* EXERCISE DATA:

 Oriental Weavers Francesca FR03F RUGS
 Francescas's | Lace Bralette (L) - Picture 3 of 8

...

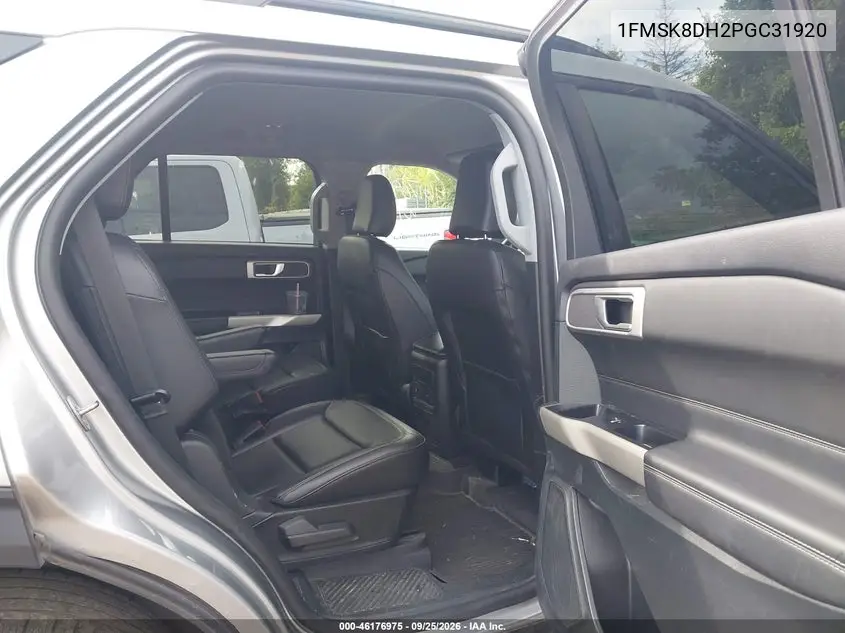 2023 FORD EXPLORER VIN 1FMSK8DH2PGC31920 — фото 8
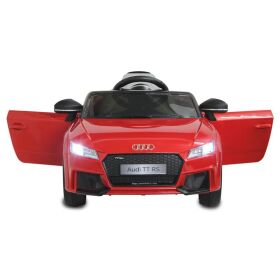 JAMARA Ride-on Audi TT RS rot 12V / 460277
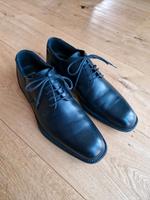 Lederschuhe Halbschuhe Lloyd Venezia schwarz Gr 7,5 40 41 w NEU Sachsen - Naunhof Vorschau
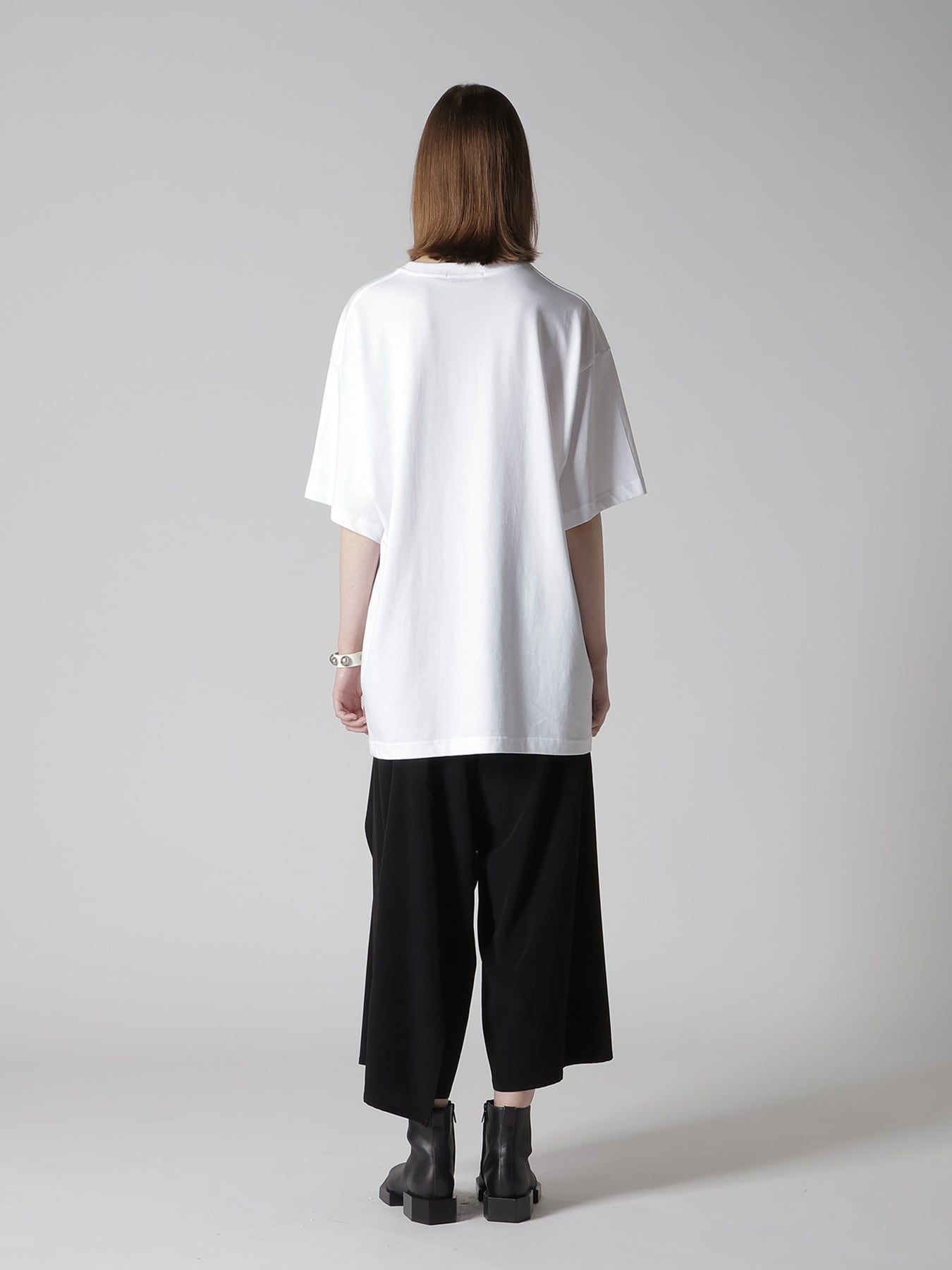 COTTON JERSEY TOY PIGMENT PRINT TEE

* TASK PROMPT:
In the material above, locate the line containing "Oriental Weavers Francesca FR03F RUGS" and the line containing "Francescas's | Lace". Transcribe exactly those two lines and every line between them, and nothing more.

* RESPONSE TO THE TASK:
 Oriental Weavers Francesca FR03F RUGS
 Francescas's | Lace Bralette (L) - Picture 3 of 8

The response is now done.